# Need Some Journeyman Wisdom



## RobTownfold64 (Mar 17, 2011)

You need 3,000 more hours, and then you'll be signing the LONG list in which you will be out of work even more. I'd say take the other job, but don't quit the union. Take a leave of absence for a year while doing the other job, leave the door open to come back. If you end up loosing that job you can always come back and finish your hours.


----------



## miller_elex (Jan 25, 2008)

Electronics tech...... what, were you in the navy or something?


----------



## brian john (Mar 11, 2007)

Wife and two kids and you have to ask?

Brotherhood seems as sweet and pretty but it does not pay the bills.


----------



## Goober (Mar 22, 2011)

Well I appreciate the advice.. I never thought about taking a year off. But I turned down the job and I'm gonna keep on going. Hell yeah. This job is just way to awesome. Times will get better. They always do.


----------



## Zeitgeist (Mar 23, 2011)

Family FIRST ALWAYS.:thumbsup:


----------



## Brother Noah1 (Mar 23, 2010)

Goober said:


> Well I appreciate the advice.. I never thought about taking a year off. But I turned down the job and I'm gonna keep on going. Hell yeah. This job is just way to awesome. Times will get better. They always do.

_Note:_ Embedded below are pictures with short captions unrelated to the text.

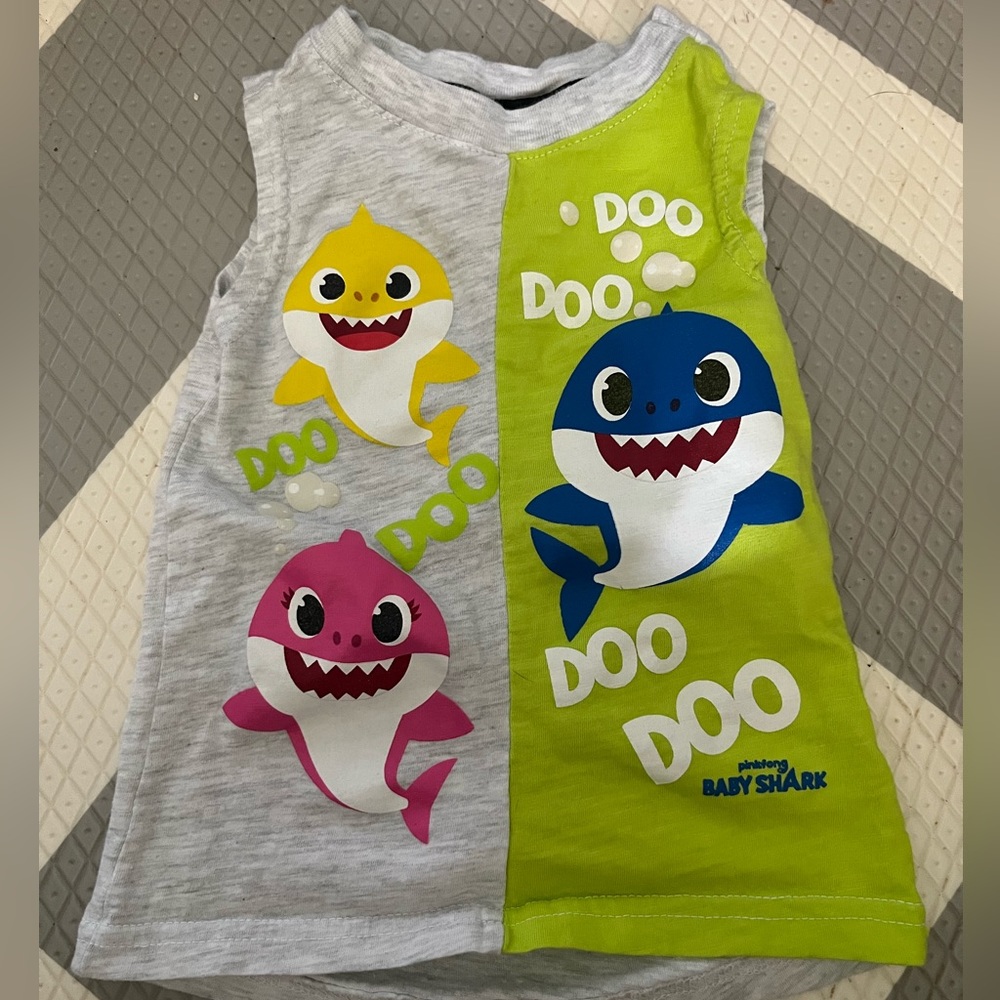Baby Shark Tank Top Size 12 months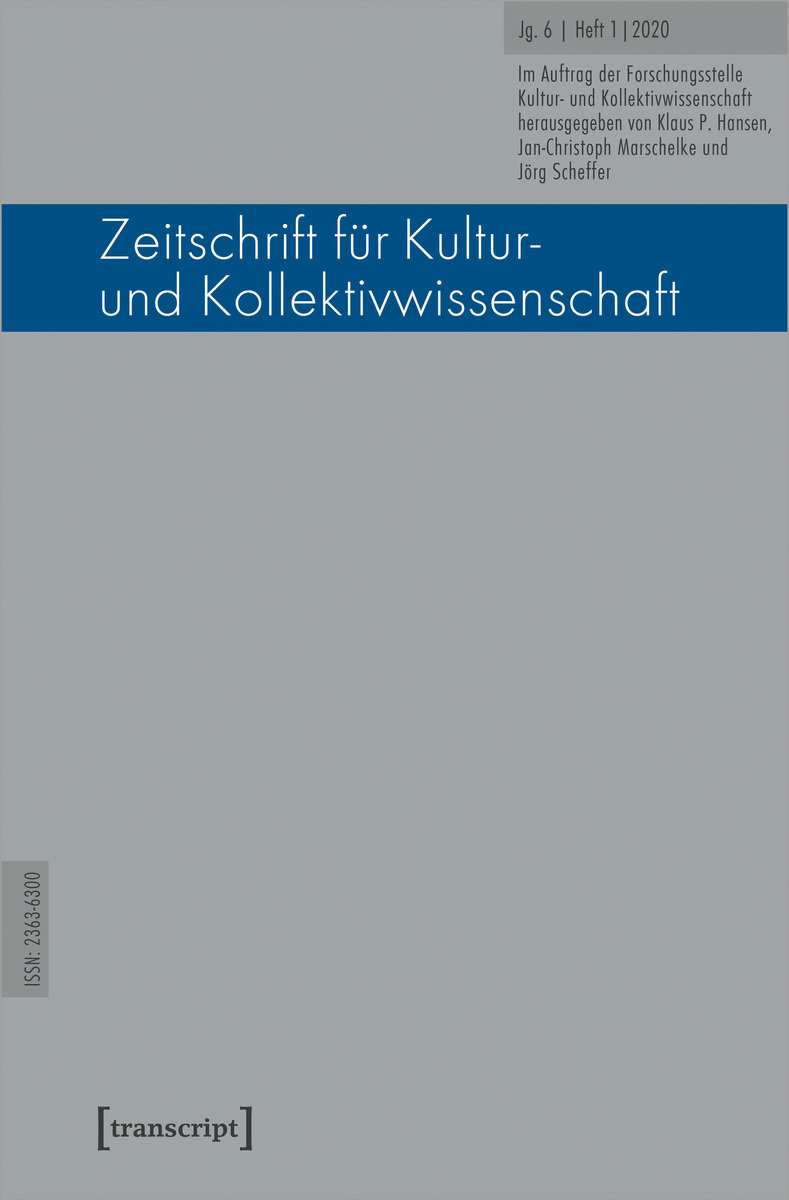 Zeitschrift für Kultur- und Kollektivwissenschaft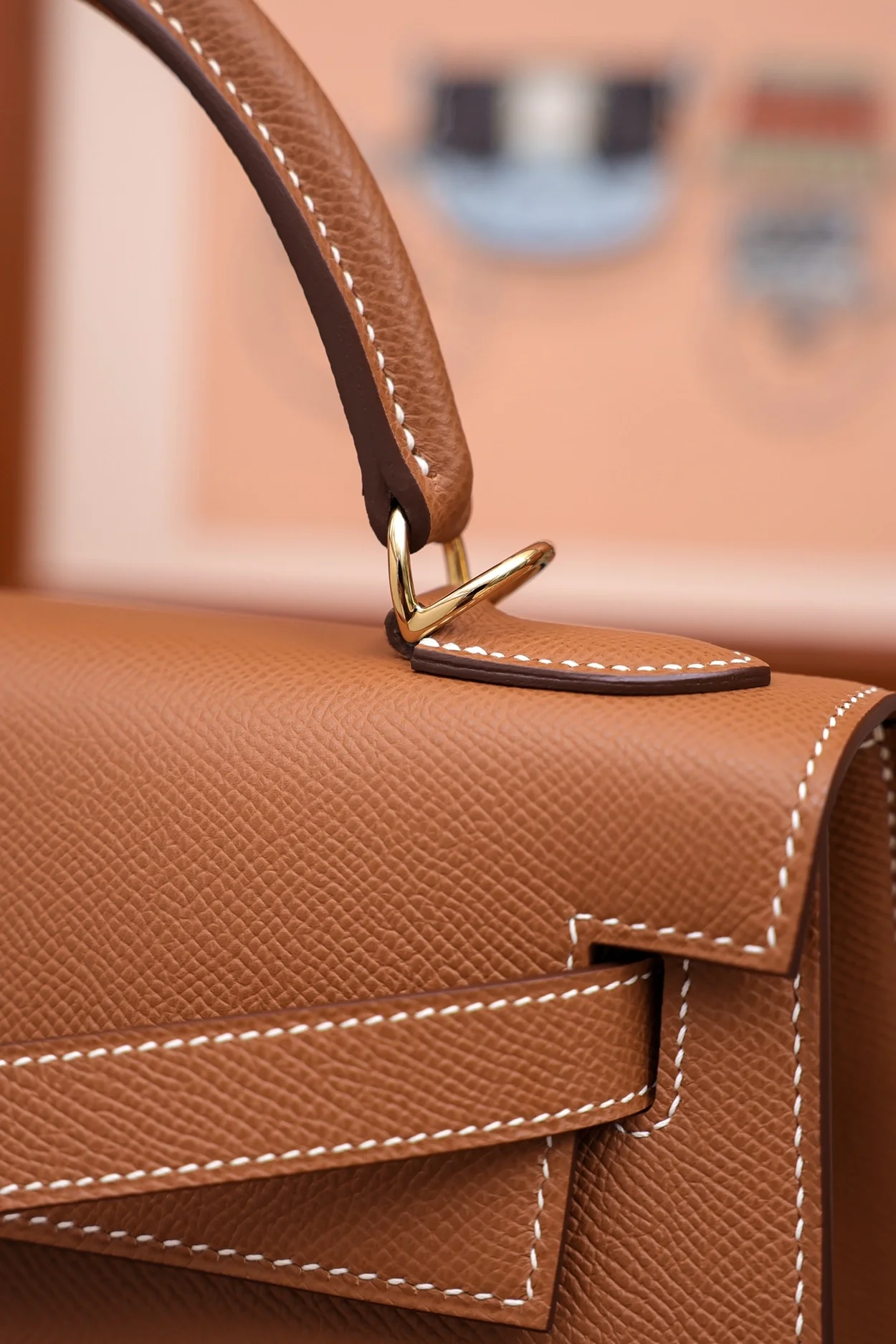 에르메스 켈리 28 셀리에 브라운 골드 하드웨어 (100% HAND MADE)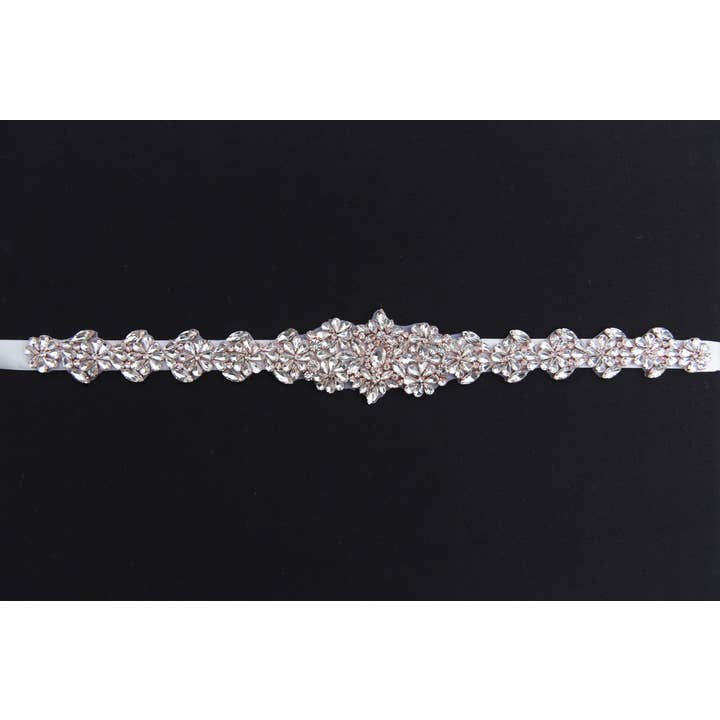 Brides and Belts - Wholesale Belt - Women's - Jayda Rose Gold Crystal Wedding Belt5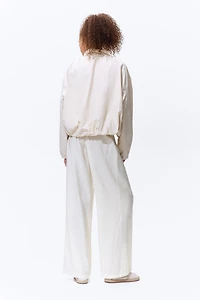 Viscose-Blend Pull-On Pants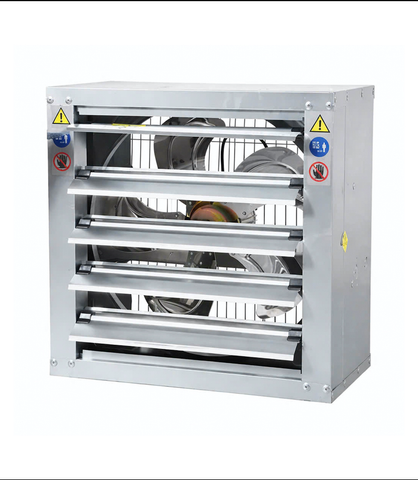 Quạt Thông Gió Vuông Trực Tiếp Cánh Inox Hasaki HFT Series (HFT 500 / HFT 600)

 I hear that 725 has been putting out travelers.Do not know exactly where in the state you reside but on a norm locals do allow their cubs to travel if they can not offer them a job.Good luck and will to you and your family.


----------



## Frasbee (Apr 7, 2008)

50k, is all you had to say.


----------



## JohnR (Apr 12, 2010)

Take the job already. Don't quit the union though. You already have an investment there, and possibly in the future you can go back and complete what you started. You are not competing in any way. Good luck with the job.


----------



## George Stolz (Jan 22, 2009)

If you don't pay your dues you have to start over, even though they haven't worked you for a year and a half?!? :blink:


----------